Héloïse : Bonjour Pauline. Le BAAM, c’est une association qui aide et accompagne, comme son nom l’indique, au jour le jour les migrants, et surtout qui le fait avec eux, dans le but d’offrir un service le plus large possible, et dans un but d’information globale. C’est-à-dire qu’on ne se contente pas de faire que du conseil juridique, on fait aussi des points sociaux, des points de retour à l’emploi, etc.


Pauline : Quelle est la situation actuelle au sein de votre association, depuis l’apparition du Covid-19 ?


Héloïse : La situation actuelle, c’est qu’on a dû justement mettre fin à toutes nos permanences, que ce soit les permanences sociales, juridiques, sous tous leurs formats, d’aide aux demandeurs d’asile et aussi d’aide aux sans-papiers. Et puis, bien évidemment, on a dû mettre fin aux cours de français, parce qu’ils regroupent trop de monde. On faisait des points de rassemblement trop importants, dans le sens où il y avait, pour une permanence juridique, 50 personnes à la queue-leu-leu à la mairie du 4ème arrondissement, dans un couloir qui doit faire un mètre cinquante de large. Cela me paraît très improbable qu’on continue, d’autant plus qu’on était bien sûr sous-équipés : pas de gel hydroalcoolique, pas de masque, pas de gant, rien. Ni pour les migrants, ni pour nous, ni pour les migrants interprètes qui font partie de l’équipe.

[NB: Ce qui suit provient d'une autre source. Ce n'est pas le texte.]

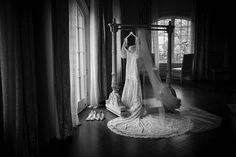 a bride's wedding dress hanging in front of a window with shoes on the floor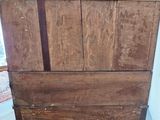 a very old wooden cabinet in the corner of the room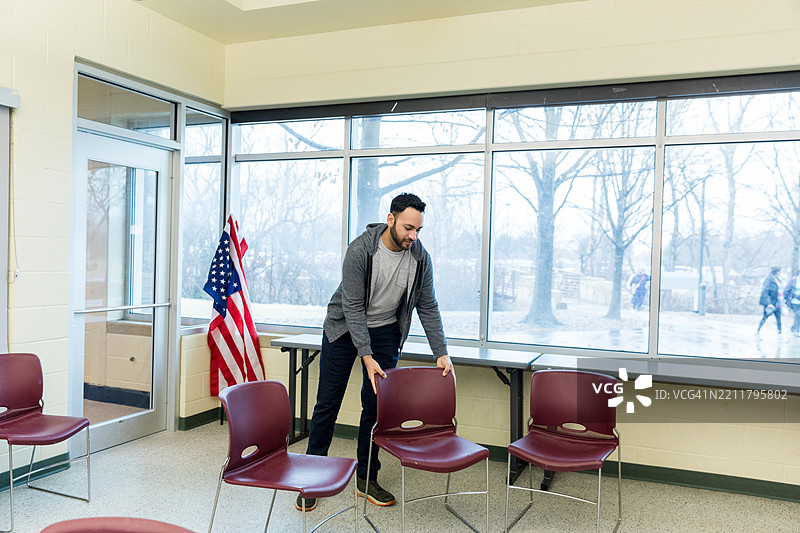 年轻男子在教室里整理椅子图片素材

Alors, on a dû arrêter toutes les permanences, puis les cours de français c’est la même chose. Un cours de français, par exemple à Barbès qui est l’école du BAAM qui donne cours tous les jours. C’est 120 personnes dans une salle qui ne fait même pas 50 mètres carrés. Et 120 personnes et un prof, c’est impossible de tenir comme ça. Bien évidemment, on n’a pas été informés par les pouvoirs publics. Ce sont des décisions qu’on a pris de nous-mêmes le vendredi la veille du confinement, le 13 mars, parce que jamais les pouvoirs publics sont venus vers nous pour dire “vous êtes une organisation recevant du public, voici ce que l’on va mettre en place, etc..”. Rien du tout.


Donc, c’est des décisions qu’on a prises assez difficilement, parce que qui dit permanence suspendue, dit difficulté dans l’accès aux droits.

Après, puisque que le BAAM c’est une offre de services, mais aussi une forme de plaidoyers et une association à but politique, notre but a été de faire pression sur les pouvoir publics, notamment sur les préfectures, l’OFPRA (Office Français de Protection des Réfugiés et Apatrides) et la CNDA (Cour Nationale du Droit d'Asile), pour arriver à des solutions à peu près correctes en termes d’accueil des migrants. C’est-à-dire qu’il ne faut pas qu’ils accueillent de migrants, puisque ça les met en danger. Jusque là, ça a plutôt bien marché, sauf sur l’ OFPRA qui continue à exiger l’envoi des dossiers sous format postal, même si elle a revu ses délais dans des formats incompréhensibles. Je vous engage à lire la publication de l’OFPRA sur le CoVid-19, on a dû rassembler dix cerveaux pour comprendre là où elle voulait en venir : finalement, elle voulait bien prolonger les délais, mais qu’elle n’était pas sûre, mais qu’elle ferait..


Publication de l'OFPRA

Enfin voilà quoi. Et bien sûr, tout ça n’est pas traduit, mais j’y viendrais après. Et sur les préfectures, on peut encore déplorer Nanterre, qui est ouverte pour certains formats pour les demandeurs d’asile. Donc nous, notre job, c’est de faire pression sur ces pouvoirs publics et ces institutions, pour que ça ferme. Pour que ça ferme et que les migrants ne soient pas pénalisés.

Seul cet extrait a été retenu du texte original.